This is fresh territory for the “Westernised” Pamuk, glibly labelled both in Turkey and beyond as the stereotypical liberal secularist. He plunges into Mevlut's mind and world with robust, big-hearted energy and empathy, finding shade and nuance in the deeds and views of those “new-money hicks from Anatolia”. Our hero's favourite job gives this time of transition its own bittersweet emblem. Although he also works as a chicken-and-rice vendor, cafe cashier, car-park supervisor, meter-reader and manager of a migrants' club, Mevlut loves above all to sell boza on the story-crowded streets.

“A traditional Asian beverage made of fermented wheat”, boza symbolises homespun warmth and old-school charm to citizens of the mushrooming metropolis. It also contains around three per cent alcohol: a fact ritually denied by pious Muslims.
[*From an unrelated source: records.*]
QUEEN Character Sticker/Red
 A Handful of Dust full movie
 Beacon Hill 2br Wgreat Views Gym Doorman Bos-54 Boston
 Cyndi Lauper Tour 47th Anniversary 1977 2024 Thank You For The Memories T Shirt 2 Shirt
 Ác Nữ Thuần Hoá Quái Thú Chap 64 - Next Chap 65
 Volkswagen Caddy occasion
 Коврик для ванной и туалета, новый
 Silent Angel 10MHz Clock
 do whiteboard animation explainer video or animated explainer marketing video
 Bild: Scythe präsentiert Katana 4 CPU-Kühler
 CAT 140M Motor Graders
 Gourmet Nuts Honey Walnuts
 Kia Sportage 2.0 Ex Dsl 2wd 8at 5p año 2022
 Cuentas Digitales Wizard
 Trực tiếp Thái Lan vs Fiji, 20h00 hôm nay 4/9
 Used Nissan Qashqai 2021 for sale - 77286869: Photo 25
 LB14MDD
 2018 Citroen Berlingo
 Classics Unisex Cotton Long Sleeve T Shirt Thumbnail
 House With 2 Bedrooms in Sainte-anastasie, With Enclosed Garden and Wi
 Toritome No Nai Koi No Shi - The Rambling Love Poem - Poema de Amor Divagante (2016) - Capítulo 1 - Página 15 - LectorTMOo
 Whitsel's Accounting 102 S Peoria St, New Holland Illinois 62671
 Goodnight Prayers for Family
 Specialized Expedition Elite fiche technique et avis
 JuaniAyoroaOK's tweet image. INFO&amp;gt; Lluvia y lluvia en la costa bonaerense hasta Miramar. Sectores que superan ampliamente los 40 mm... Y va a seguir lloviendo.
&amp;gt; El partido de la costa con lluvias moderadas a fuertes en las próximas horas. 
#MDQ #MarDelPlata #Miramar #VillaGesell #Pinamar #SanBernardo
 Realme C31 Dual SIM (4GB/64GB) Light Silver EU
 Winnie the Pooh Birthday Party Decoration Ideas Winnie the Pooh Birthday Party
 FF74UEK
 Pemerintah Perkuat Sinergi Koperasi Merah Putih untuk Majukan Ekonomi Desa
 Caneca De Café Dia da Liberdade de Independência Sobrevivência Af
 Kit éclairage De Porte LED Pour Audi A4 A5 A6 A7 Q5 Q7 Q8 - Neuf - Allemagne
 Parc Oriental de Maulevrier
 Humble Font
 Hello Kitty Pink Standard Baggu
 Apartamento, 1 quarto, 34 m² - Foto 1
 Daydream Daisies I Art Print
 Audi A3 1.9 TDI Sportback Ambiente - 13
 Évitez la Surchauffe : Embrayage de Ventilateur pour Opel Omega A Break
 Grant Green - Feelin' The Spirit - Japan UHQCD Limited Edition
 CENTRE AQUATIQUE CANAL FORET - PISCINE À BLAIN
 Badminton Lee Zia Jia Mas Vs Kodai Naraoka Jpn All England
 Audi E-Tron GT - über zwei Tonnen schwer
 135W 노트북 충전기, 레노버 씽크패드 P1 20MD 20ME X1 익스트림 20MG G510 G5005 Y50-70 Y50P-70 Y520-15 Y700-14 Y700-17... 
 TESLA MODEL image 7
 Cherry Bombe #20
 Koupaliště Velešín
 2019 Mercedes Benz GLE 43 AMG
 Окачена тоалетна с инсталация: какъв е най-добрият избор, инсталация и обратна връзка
Sympathetically, Pamuk dismantles the either-or, us-and-them polarities that cloud perceptions of his native city, and country. Mevlut, who like his creator adores the “old things” still concealed in every nook of Istanbul, thinks that “Just because something isn't strictly Islamic doesn't mean it can't be holy”. Memory and custom have their sacredness as well.

The plot blends ancient and modern flavours. Thanks to a folkloric ruse, Mevlut elopes not with beautiful Samiha, whom he thought he was bombarding with ghost-written love-letters, but her smarter, plainer sister Rayiha. Kismet (fate) still lays down the law. The accidental couple come to love each other dearly, and with Rayiha's resourceful help Mevlut learns how to navigate the “secret world of the city”. Friends and family break into the boza-seller's story with their own chatty versions of events: a pseudo-documentary technique that carries into the finished novel traces of the grassroots research that nourished it. Ekin Oklap's high-spirited and reader-friendly translation keeps pace with Pamuk's fondness for colloquial chronicle and fairy-tale artifice.

Coups and riots come and go; Western fads eat into the street-vendors' trade; Istanbul spreads over its hills “like a monstrous creature... smothered in fog and factory fumes”. The “demon of change” races ahead, captured on the hoof in zestful episodes that tell us all about the dark arts of electricity theft, the ascent of slumland property-barons, or the economics of fast-food. The book sprawls as its city does.

With its comedy, sentiment, melodrama and voracious curiosity about the urban habitat, this is Pamuk's most Dickensian work. Still, as always in his prose, we return to the solitary protagonist wandering the haunted streets alone, a dreamer consoled by the conviction that “there was another realm within our world, hidden away behind the walls of a mosque, in a collapsing wooden mansion, or inside a cemetery”. For Mevlut, as for Pamuk, city and soul converge.